Work required -
Each line of the listing, apart from the pictures, is to be printed exactly.

Collected material -

--------------------------------

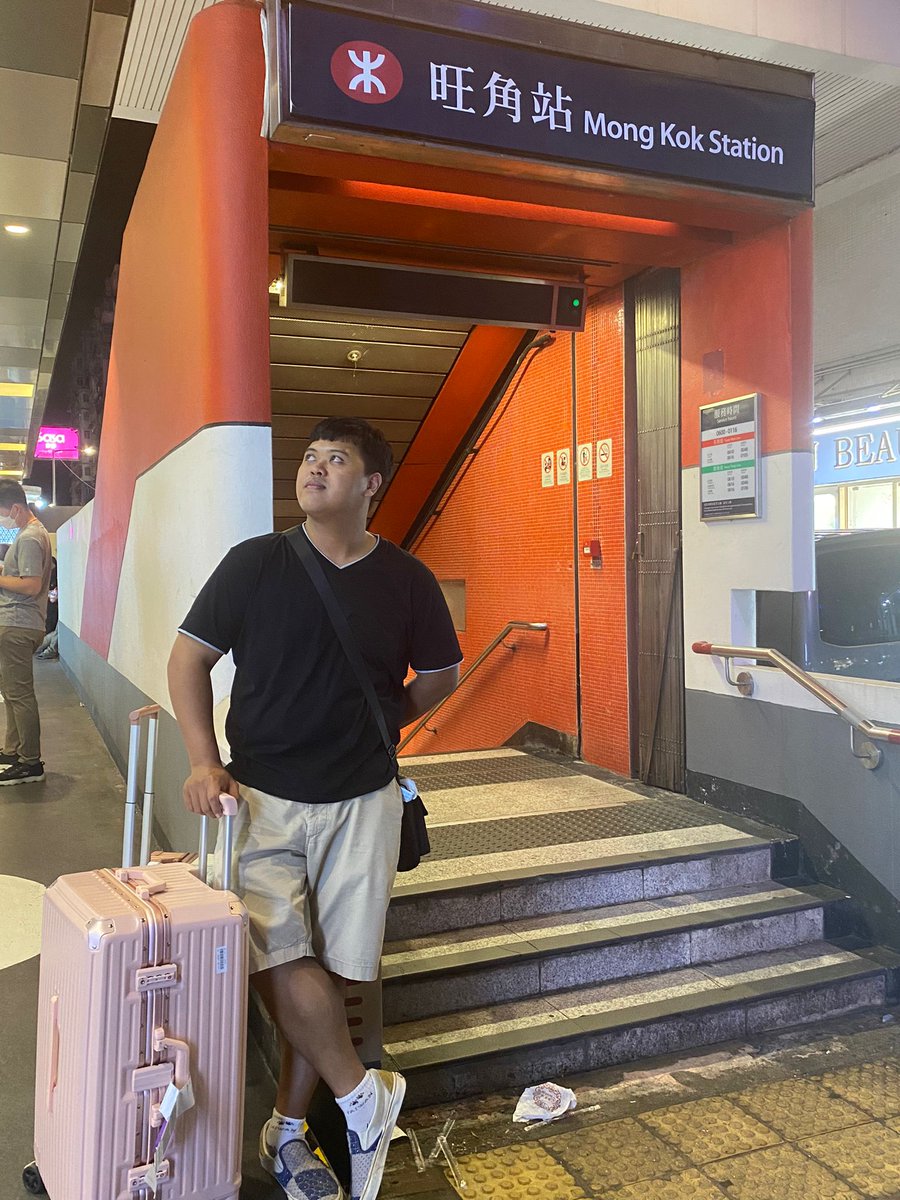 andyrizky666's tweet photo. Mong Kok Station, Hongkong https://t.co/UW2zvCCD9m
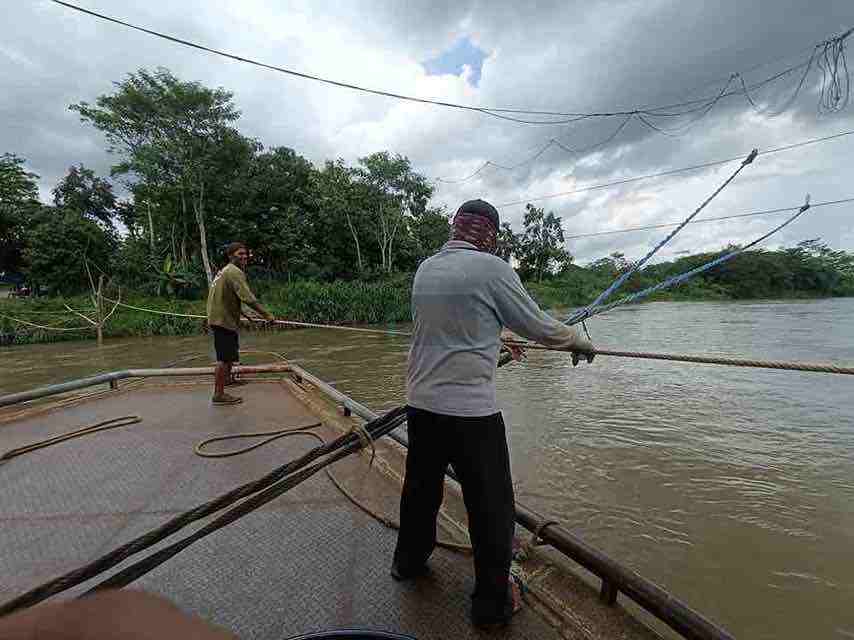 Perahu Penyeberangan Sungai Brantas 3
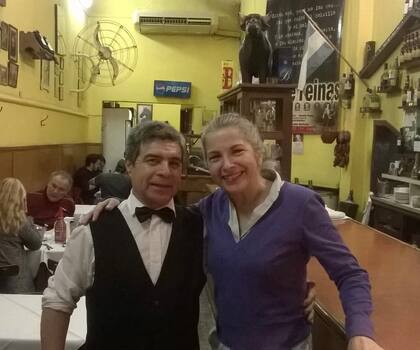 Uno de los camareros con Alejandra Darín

--------------------------------

Solution for this problem -
 andyrizky666's tweet photo. Mong Kok Station, Hongkong https://t.co/UW2zvCCD9m
 Perahu Penyeberangan Sungai Brantas 3
 Uno de los camareros con Alejandra Darín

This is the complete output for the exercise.